Multiple figures can be computed as long as they are linked by narrow bridges, so that again a continuous path of integration is formed:

Here is the C++ code for performing this calculation. This code was compiled and run on a 68040-Mac with the Symantec C++ 7.0 compiler and project manager.

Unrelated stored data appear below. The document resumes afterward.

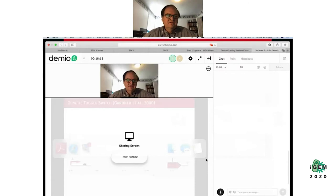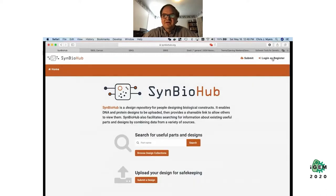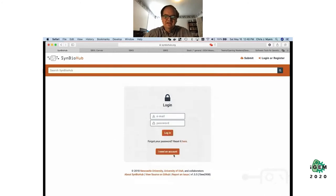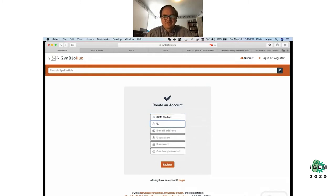Let's go over to the SynBioHub data repository. The first thing you're going to want to do is get an account. I'm going to sign up — I'll put in a name, university, email address, username, and password. So now I've registered for an account.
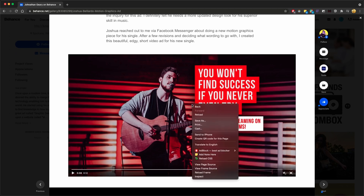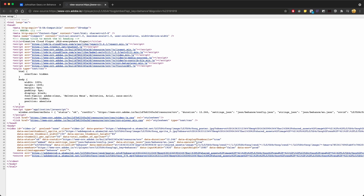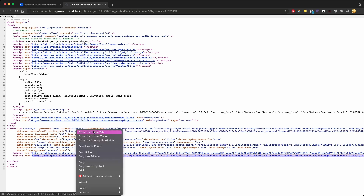So we're going to right-click on the video that we're looking for, and we're going to do View Frame Source. And it's going to be this second link down here. You have video, and you have source and source — it'll actually be this one right here.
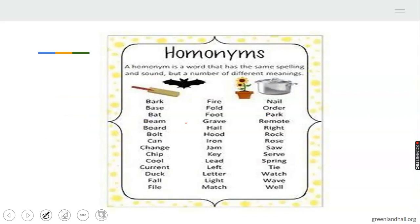A homonym is a word that has the same spelling and sound. We spell them the same way, they sound the same way — like the example I showed before: 'bark' and 'bark.' They are spelled the same, they sound the same, but the meanings are different. Even though they have the same spelling and the same sound, the meanings are different. We are going to be looking at examples as we proceed.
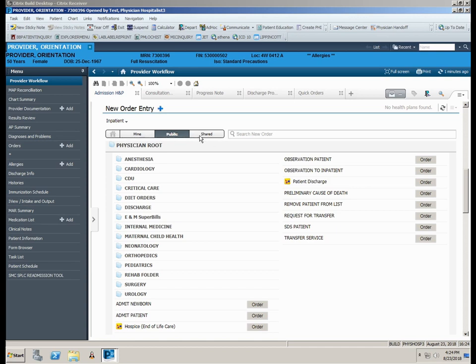The New Order Entry section defaults open to the public folders. Here you will find the specialty root folders containing the most commonly used orders for that specialty. Simply click on the desired folder to open.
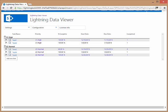Hello, this is Brett Lonsdale from Lightning Tools and I'm here to show you the new Lightning Data Viewer app for SharePoint Online.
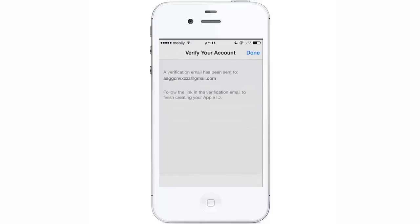This is the last step. Apple will send you a verification email. Go to your email, press the link they sent, and that will verify your account. After that, you can download as many apps as you like. Thanks for watching — I hope this was a useful video for you.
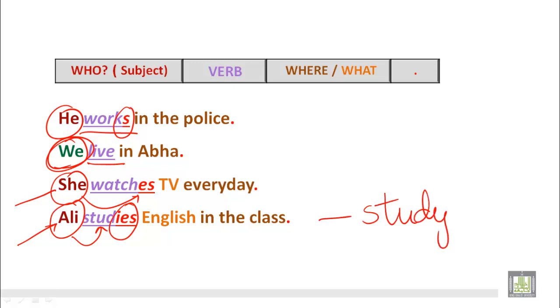'Study' is the main verb. So when we add IES — that is, when we use a singular subject — we delete the Y at the end and in place of Y we add IES.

### First, a struct for a point type is defined:

```typedef struct point_type
{
long double  x;	// x coordinate of point
long double  y;	// y coordinate of point
} point_type;
```

### Here is part of the window class which contains the point set and the final area and center of mass:

```class mainwin_type: public win_type
{
public:

// ...other fields

// calculation methods

virtual void recalc(void);
virtual long double get_area(point_type p1, point_type p2, point_type p3);
virtual point_type get_center(point_type p1, point_type p2, point_type p3);

int points;	// number of points
point_type **point;	// handle to point array
point_type center;	// center of mass
long double area;	// area of figure
int state;	// drawing state
};
```

### Here is the method that does the actual calculations:

```void mainwin_type::recalc(void)
{
area = 0;	// initialize area to zero
center.x = 0;	// initialize center to zero
center.y = 0; // initialize center to zero

// loop through all traingles in figure

for (int i = 2; i < points; i ++)
{
point_type p1 = (*point)[0];	// first vertex of triangle
point_type p2 = (*point)[i - 1];	// second vertex of triangle
point_type p3 = (*point)[i];	// third vertex of triangle

// compute area of triangle

long double a = get_area(p1, p2, p3);
area += a;	// sum area

//  only consider non-degenerate triangles

if (a != 0)
{

// compute center of triangle

point_type cntr = get_center(p1, p2, p3);

// weight center by area, and add to center coordinates

center.x += a * cntr.x;
center.y += a * cntr.y;
}
}

if (area != 0)
{
center.x /= area;	// renormalize coords by total area
center.y /= area;	// renormalize coords by total area
}

// area is actually a positive value

area = fabs(area);
}
```

### Here is the method that computes the area of a triangle, given three points:

```long double mainwin_type::get_area(point_type p1, point_type p2, point_type p3)
{
long double v1x, v1y, v2x, v2y;

v1x = p2.x - p1.x;	// compute side vectors
v1y = p2.y - p1.y; 	// compute side vectors

v2x = p3.x - p1.x; 	// compute side vectors
v2y = p3.y - p1.y; 	// compute side vectors

// return cross product of side vectors / 2

return 0.5 * (v1x * v2y - v1y * v2x);
}

```

### Here is the method that computes the center of a triangle, given three points:

```point_type mainwin_type::get_center(point_type p1, point_type p2, point_type p3)
{
point_type cntr;
cntr.x = 0;
cntr.y = 0;

long double x1, y1, x2, y2, x3, y3, x4, y4;

x1 = p1.x;	// get endpoints of first median
y1 = p1.y;	// get endpoints of first median
x2 = (p2.x + p3.x) / 2.0;	// get endpoints of first median
y2 = (p2.y + p3.y) / 2.0;	// get endpoints of first median

x3 = p2.x;	// get endpoints of second median (only need two)
y3 = p2.y;	// get endpoints of second median
x4 = (p3.x + p1.x) / 2.0;	// get endpoints of second median
y4 = (p3.y + p1.y) / 2.0;	// get endpoints of second median

// see if either median is vertical (slope == infinity)

if (x1 == x2)	// if so...
{
x1 = p3.x;	// use third median (can't be two vertical medians)
y1 = p3.y; // use third median
x2 = (p1.x + p2.x) / 2.0; // use third median
y2 = (p1.y + p2.y) / 2.0; // use third median
}
else if (x3 == x4)
{
x3 = p3.x;
y3 = p3.y;
x4 = (p1.x + p2.x) / 2.0;
y4 = (p1.y + p2.y) / 2.0;
}

long double a1, a2, b1, b2;

a1 = (y2 - y1) / (x2 - x1);	// compute slope of first median
b1 = y1 - a1 * x1;	// compute intercept of first median

a2 = (y4 - y3) / (x4 - x3);	// compute slope of second median
b2 = y3 - a2 * x3;	// compute intercept of second median

// solve a1 * x + b1 = a2 * x + b2

cntr.x = (b2 - b1) / (a1 - a2);	// solve for x coordinate of intersection
cntr.y = a1 * cntr.x + b1;	// solve for y coordinate of intersection

return cntr;	// return center as a point
}

```

I make no claim that this is the best strategy to use for this problem, or that this particular implementation is an efficient one. However, the algorithm seems to work for all cases, and is very fast for a large (~100) number of points.